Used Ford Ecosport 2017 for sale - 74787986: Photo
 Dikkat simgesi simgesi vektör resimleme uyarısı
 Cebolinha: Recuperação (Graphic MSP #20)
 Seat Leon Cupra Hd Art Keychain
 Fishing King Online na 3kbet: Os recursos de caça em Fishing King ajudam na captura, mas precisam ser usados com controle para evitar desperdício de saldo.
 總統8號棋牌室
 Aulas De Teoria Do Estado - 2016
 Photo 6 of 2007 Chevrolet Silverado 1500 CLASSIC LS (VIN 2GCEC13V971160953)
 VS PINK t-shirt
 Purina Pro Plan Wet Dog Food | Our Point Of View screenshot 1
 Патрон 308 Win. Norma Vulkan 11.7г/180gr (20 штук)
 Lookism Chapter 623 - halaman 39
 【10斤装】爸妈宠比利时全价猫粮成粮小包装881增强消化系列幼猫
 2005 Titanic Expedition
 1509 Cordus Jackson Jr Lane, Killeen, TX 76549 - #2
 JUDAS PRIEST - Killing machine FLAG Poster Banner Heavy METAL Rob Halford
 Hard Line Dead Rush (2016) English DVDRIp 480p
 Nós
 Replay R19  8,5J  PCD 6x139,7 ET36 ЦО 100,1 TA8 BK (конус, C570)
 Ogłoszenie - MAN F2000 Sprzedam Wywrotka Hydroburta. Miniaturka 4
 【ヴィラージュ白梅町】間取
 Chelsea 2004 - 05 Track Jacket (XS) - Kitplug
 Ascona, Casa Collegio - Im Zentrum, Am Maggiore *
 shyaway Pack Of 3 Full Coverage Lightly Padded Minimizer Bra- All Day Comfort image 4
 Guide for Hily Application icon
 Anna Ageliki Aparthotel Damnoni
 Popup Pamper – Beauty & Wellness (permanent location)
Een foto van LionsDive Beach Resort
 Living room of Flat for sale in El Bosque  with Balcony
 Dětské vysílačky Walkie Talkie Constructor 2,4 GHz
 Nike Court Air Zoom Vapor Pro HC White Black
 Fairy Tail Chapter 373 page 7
☆ ☆ ☆
[EXERCISE GOAL]: Only the number is wanted: how many lines of the data contain the word "Photo"?

[REPLY TO THE TASK]: 2